Hash rate data has already reflected this. The network hash rate peaked at around 1,160 EH/s in early October 2025, then fell to around 920 EH/s, experiencing three consecutive negative difficulty adjustments—the first since July 2022.
Valuation divergence
The market has already priced in this divergence. Mining companies with signed HPC contracts are currently trading at 12.3 times their projected revenue for the next 12 months. Pure mining companies only trade at 5.9 times. The market has paid more than double the premium for AI exposure, further reinforcing the motivation for transformation.
The geographical landscape is also changing. The U.S., China, and Russia currently control about 68% of the global hash rate. In just Q4, the U.S. increased its market share by about 2 percentage points. However, emerging markets are also entering the fray—Paraguay and Ethiopia have broken into the top ten mining countries, driven by HIVE’s 300 megawatts and Bitdeer’s 40 megawatts facilities.
Hash rate forecast
CoinShares predicts that the network hash rate will reach 1.8 ZH/s by the end of 2026 and 2 ZH/s by the end of March 2027 (a month later than previously forecasted).
However, this prediction hinges on Bitcoin returning to $100,000 by the end of the year. If the price remains below $80,000, CoinShares anticipates that hash rates will continue to decline, leading to further exits from mining. A sustained drop below $70,000 could trigger a larger-scale capitulation—ironically, this would benefit the survivors by lowering difficulty.
A new generation of hardware offers a potential lifeline. Bitmain’s S23 series and Bitdeer’s self-developed SEALMINER A3, both have energy efficiencies below 10 joules/TH, are expected to be shipped in large quantities in the first half of 2026. These mining machines can roughly halve the energy cost per Bitcoin compared to currently mainstream mid-generation models. However, deploying them requires capital—and many miners are channeling funds into AI.
At the start of this cycle, the Bitcoin mining industry was made up of companies that secured the network and hoarded Bitcoin. It is exiting this cycle under a different identity: a group of companies building AI data centers and selling Bitcoin to finance their operations.

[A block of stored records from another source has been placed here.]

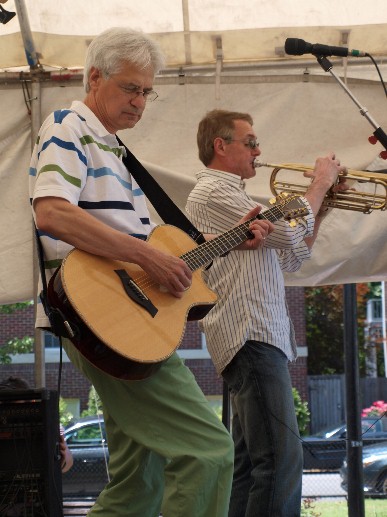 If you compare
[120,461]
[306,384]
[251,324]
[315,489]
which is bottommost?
[306,384]

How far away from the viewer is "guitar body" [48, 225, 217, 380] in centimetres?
232

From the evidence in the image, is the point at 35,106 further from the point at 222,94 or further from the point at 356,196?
the point at 356,196

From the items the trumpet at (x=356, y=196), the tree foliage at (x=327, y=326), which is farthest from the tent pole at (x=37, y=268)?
the tree foliage at (x=327, y=326)

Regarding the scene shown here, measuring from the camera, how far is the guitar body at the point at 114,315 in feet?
7.62

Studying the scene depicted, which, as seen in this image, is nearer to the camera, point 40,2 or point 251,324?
point 251,324

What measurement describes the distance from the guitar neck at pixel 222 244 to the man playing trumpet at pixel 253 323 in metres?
0.06

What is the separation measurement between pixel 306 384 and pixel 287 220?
21.5 m

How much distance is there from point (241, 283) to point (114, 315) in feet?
3.34

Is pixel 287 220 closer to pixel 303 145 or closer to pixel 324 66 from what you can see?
pixel 324 66

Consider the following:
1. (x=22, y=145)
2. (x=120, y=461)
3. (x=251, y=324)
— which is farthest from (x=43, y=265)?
(x=22, y=145)

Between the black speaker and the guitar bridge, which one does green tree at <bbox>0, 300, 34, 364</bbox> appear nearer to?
the black speaker

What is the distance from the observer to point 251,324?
3219 millimetres

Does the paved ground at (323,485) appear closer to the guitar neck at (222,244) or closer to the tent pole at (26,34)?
the tent pole at (26,34)

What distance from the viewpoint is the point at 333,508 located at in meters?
8.26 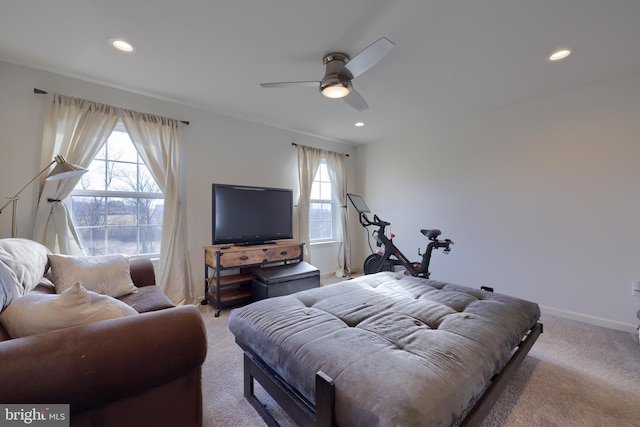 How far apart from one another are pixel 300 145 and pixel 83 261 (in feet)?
9.89

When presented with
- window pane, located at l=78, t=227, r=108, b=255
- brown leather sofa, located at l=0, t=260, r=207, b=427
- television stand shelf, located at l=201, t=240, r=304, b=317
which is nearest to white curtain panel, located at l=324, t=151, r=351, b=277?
television stand shelf, located at l=201, t=240, r=304, b=317

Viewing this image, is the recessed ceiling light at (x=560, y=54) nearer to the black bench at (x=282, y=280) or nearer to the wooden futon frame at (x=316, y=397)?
the wooden futon frame at (x=316, y=397)

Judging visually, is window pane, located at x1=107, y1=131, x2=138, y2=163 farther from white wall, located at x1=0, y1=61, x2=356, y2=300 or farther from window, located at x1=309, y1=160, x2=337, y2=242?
window, located at x1=309, y1=160, x2=337, y2=242

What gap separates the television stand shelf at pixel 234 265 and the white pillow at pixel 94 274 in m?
0.89

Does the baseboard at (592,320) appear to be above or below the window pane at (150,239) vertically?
below

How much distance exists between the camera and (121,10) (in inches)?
65.3

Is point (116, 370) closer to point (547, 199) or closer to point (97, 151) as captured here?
point (97, 151)

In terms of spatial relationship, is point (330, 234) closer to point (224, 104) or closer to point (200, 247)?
point (200, 247)

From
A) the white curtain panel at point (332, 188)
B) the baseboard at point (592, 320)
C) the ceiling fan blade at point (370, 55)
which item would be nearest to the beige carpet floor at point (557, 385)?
the baseboard at point (592, 320)

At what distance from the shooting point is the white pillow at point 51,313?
3.31ft

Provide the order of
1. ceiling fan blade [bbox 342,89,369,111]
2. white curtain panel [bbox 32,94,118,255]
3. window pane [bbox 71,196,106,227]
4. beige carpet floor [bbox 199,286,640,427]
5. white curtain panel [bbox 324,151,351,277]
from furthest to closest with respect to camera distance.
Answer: white curtain panel [bbox 324,151,351,277] → window pane [bbox 71,196,106,227] → white curtain panel [bbox 32,94,118,255] → ceiling fan blade [bbox 342,89,369,111] → beige carpet floor [bbox 199,286,640,427]

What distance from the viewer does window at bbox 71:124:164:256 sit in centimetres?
263

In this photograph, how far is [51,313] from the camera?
1.02 m

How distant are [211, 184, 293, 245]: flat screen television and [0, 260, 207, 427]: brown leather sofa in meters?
2.07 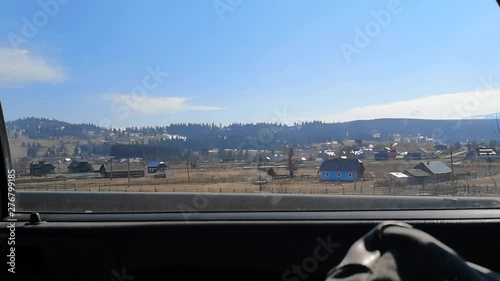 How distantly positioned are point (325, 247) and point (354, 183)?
459mm

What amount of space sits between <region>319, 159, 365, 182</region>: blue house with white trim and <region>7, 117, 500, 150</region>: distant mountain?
0.50 ft

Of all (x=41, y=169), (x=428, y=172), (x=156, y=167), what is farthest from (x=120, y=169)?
(x=428, y=172)

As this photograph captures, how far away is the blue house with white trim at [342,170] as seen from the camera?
3.19m

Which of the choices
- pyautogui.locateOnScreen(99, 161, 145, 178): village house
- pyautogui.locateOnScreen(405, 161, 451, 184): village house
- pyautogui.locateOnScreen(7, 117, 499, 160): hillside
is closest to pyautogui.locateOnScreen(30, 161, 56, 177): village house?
pyautogui.locateOnScreen(7, 117, 499, 160): hillside

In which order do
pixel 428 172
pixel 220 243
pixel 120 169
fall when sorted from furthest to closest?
pixel 120 169 < pixel 428 172 < pixel 220 243

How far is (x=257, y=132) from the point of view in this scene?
10.9 ft

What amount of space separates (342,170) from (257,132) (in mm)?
591

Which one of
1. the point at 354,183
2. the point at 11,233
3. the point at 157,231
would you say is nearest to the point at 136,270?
the point at 157,231

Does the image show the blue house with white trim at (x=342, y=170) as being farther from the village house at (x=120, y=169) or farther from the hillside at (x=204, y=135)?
the village house at (x=120, y=169)

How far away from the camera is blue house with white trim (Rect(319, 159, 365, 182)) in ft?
10.5

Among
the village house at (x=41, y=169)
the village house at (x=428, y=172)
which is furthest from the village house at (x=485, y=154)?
the village house at (x=41, y=169)

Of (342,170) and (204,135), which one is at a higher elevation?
(204,135)

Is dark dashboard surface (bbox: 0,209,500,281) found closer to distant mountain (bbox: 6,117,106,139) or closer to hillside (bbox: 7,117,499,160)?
hillside (bbox: 7,117,499,160)

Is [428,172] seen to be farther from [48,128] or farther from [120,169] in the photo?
[48,128] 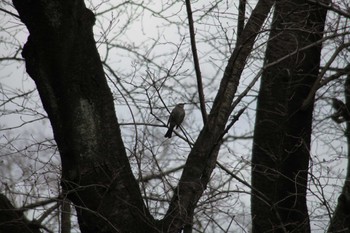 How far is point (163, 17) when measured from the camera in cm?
563

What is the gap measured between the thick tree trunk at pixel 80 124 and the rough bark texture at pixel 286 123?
1311 mm

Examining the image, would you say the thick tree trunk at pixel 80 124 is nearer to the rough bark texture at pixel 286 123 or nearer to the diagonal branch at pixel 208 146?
the diagonal branch at pixel 208 146

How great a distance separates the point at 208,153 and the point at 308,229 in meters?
1.23

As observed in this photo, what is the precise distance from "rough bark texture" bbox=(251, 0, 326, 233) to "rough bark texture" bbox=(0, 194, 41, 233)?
1.70 m

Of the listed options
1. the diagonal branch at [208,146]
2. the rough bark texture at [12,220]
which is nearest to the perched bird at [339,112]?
the diagonal branch at [208,146]

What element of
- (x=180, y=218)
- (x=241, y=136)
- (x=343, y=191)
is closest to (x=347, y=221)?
(x=343, y=191)

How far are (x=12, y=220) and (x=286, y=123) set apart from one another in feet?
8.31

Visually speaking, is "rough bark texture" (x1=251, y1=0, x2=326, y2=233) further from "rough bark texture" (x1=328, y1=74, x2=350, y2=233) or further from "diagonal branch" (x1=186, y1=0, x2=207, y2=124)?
"diagonal branch" (x1=186, y1=0, x2=207, y2=124)

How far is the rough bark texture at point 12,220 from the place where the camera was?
3.26m

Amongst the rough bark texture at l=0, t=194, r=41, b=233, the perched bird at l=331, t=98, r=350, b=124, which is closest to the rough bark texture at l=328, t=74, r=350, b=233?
the perched bird at l=331, t=98, r=350, b=124

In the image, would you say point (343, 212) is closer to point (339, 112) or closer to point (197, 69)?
point (339, 112)

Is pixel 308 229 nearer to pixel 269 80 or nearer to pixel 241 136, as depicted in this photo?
pixel 269 80

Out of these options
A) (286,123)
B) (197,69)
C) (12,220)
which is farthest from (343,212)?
(12,220)

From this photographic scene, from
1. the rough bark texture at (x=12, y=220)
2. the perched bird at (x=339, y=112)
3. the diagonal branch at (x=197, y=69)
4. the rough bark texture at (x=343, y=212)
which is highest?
the perched bird at (x=339, y=112) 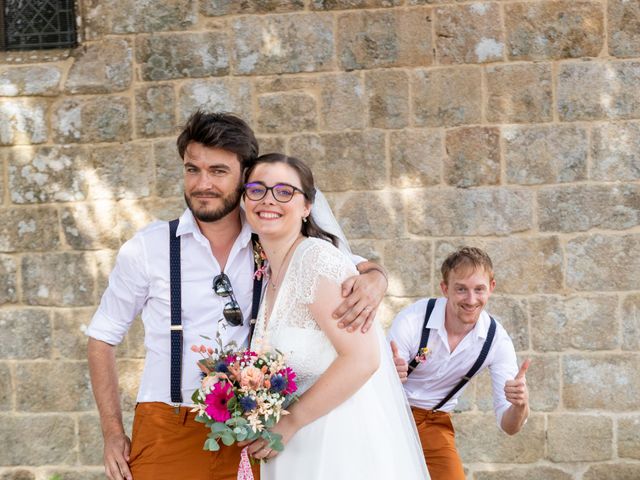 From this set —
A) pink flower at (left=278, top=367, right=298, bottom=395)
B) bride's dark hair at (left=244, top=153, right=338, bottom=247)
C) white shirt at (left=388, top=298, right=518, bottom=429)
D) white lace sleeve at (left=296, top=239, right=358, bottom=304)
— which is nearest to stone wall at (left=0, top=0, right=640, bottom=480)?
white shirt at (left=388, top=298, right=518, bottom=429)

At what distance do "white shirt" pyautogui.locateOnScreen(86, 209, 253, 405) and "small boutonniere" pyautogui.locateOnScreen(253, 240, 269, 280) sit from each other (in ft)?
0.10

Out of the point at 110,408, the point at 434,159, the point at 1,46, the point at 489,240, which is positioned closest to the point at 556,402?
the point at 489,240

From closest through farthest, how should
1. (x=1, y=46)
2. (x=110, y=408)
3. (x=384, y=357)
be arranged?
(x=384, y=357), (x=110, y=408), (x=1, y=46)

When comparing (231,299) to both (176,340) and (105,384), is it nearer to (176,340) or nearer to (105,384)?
(176,340)

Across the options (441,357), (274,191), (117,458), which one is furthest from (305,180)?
(441,357)

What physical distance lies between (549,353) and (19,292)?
3.38 metres

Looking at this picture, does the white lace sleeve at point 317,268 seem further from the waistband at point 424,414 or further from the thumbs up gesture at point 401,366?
the waistband at point 424,414

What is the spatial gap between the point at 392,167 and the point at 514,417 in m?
2.08

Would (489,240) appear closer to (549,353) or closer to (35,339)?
(549,353)

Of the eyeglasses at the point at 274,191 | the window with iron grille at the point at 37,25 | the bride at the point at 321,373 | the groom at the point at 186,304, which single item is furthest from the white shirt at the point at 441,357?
the window with iron grille at the point at 37,25

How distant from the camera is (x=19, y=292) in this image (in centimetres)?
585

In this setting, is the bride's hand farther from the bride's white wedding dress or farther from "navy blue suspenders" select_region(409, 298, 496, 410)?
"navy blue suspenders" select_region(409, 298, 496, 410)

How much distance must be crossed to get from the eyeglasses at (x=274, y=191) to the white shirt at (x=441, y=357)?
4.23 ft

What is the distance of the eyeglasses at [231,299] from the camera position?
3369 millimetres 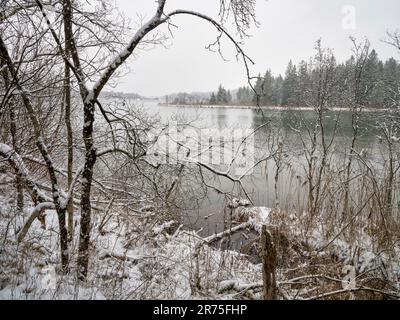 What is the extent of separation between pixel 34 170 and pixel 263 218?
6708 mm

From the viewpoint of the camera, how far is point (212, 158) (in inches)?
400

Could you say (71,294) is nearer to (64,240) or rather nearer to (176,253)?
(64,240)

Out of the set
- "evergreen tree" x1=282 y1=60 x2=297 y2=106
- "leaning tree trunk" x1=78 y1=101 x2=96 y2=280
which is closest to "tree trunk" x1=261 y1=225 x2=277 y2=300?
"leaning tree trunk" x1=78 y1=101 x2=96 y2=280

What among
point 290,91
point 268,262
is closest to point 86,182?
point 268,262

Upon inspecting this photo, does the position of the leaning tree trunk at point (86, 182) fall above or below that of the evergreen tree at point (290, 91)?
below

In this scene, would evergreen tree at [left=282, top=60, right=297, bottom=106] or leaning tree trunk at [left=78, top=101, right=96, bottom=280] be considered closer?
leaning tree trunk at [left=78, top=101, right=96, bottom=280]

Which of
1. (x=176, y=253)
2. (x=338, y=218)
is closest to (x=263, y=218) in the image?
(x=338, y=218)

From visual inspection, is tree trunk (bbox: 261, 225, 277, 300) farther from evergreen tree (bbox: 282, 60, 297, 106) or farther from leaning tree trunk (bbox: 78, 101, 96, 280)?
evergreen tree (bbox: 282, 60, 297, 106)

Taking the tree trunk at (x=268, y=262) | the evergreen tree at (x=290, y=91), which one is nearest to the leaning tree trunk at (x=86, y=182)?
the tree trunk at (x=268, y=262)

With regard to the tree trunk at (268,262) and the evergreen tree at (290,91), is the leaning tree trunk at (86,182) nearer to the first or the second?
the tree trunk at (268,262)

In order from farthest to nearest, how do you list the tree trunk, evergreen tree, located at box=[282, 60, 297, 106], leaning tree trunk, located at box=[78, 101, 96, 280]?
evergreen tree, located at box=[282, 60, 297, 106], leaning tree trunk, located at box=[78, 101, 96, 280], the tree trunk

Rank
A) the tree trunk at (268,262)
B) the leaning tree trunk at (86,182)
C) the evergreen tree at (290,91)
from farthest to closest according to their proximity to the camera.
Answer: the evergreen tree at (290,91) < the leaning tree trunk at (86,182) < the tree trunk at (268,262)

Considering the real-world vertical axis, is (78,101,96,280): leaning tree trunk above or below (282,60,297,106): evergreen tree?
below

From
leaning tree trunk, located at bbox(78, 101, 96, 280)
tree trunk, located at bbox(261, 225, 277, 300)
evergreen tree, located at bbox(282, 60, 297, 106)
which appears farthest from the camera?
evergreen tree, located at bbox(282, 60, 297, 106) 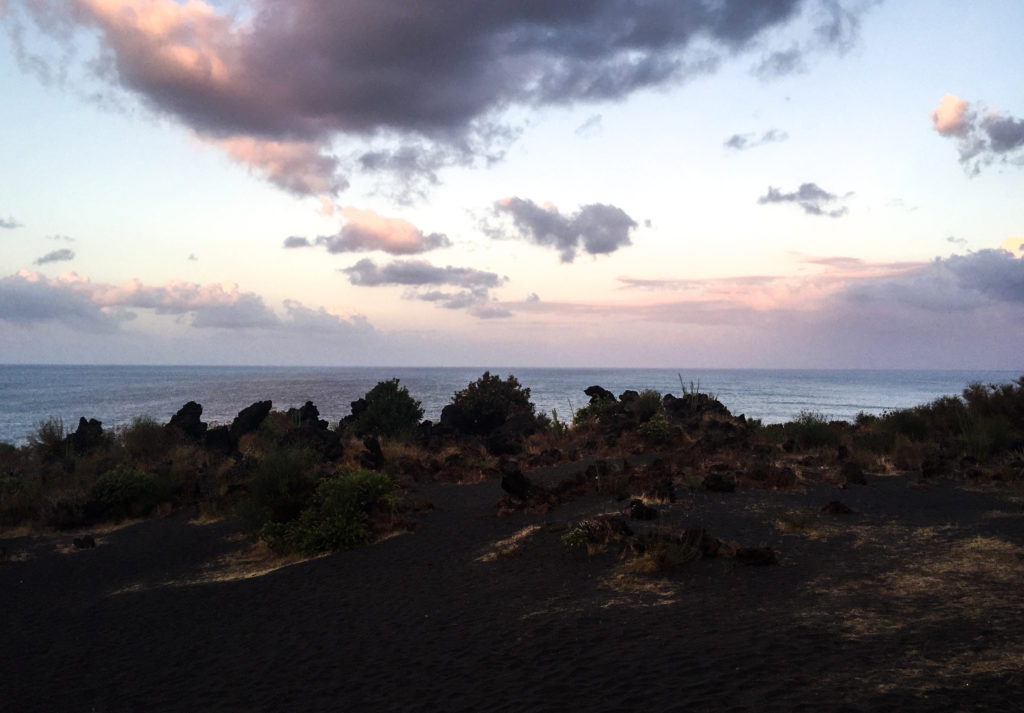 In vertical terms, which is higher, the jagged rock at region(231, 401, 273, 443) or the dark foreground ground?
the jagged rock at region(231, 401, 273, 443)

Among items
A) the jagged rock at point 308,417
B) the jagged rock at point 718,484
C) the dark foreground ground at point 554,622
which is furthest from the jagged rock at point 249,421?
the jagged rock at point 718,484

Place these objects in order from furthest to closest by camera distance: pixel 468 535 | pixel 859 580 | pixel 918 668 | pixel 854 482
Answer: pixel 854 482, pixel 468 535, pixel 859 580, pixel 918 668

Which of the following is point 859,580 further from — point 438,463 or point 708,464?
point 438,463

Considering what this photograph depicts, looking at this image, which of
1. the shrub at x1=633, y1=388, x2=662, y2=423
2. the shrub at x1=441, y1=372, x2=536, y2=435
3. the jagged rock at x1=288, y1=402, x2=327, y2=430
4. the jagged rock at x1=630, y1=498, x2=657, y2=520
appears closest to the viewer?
the jagged rock at x1=630, y1=498, x2=657, y2=520

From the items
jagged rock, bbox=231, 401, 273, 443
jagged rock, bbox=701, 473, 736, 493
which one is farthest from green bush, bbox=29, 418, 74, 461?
jagged rock, bbox=701, 473, 736, 493

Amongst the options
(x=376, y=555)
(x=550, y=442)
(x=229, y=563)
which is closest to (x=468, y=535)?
(x=376, y=555)

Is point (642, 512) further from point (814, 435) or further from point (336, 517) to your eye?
point (814, 435)

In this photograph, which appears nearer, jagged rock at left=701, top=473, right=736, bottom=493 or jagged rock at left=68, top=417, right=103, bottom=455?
jagged rock at left=701, top=473, right=736, bottom=493

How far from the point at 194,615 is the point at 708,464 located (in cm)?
1247

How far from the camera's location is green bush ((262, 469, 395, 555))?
539 inches

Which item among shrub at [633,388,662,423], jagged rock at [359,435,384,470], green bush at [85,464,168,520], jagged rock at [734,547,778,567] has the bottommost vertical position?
green bush at [85,464,168,520]

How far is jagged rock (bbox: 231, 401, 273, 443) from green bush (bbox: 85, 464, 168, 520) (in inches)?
362

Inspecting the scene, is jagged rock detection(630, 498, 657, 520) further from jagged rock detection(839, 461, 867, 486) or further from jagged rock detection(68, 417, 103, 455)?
jagged rock detection(68, 417, 103, 455)

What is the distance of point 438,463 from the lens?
2198cm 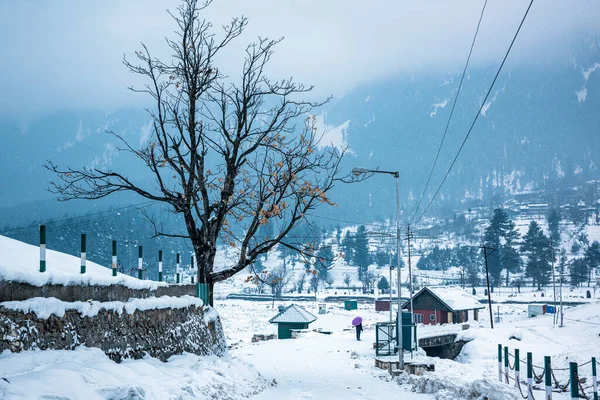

Is this a temporary reaction to an unfavorable economic environment or a permanent structural shift? It depends on one variable: the price of Bitcoin. If it returns to $100,000, mining profits will recover, and the AI transformation will slow. If it stays at $70,000 or lower, the transformation will accelerate, and the mining industry that has centered around mining for the past decade will continue to fade into something entirely different.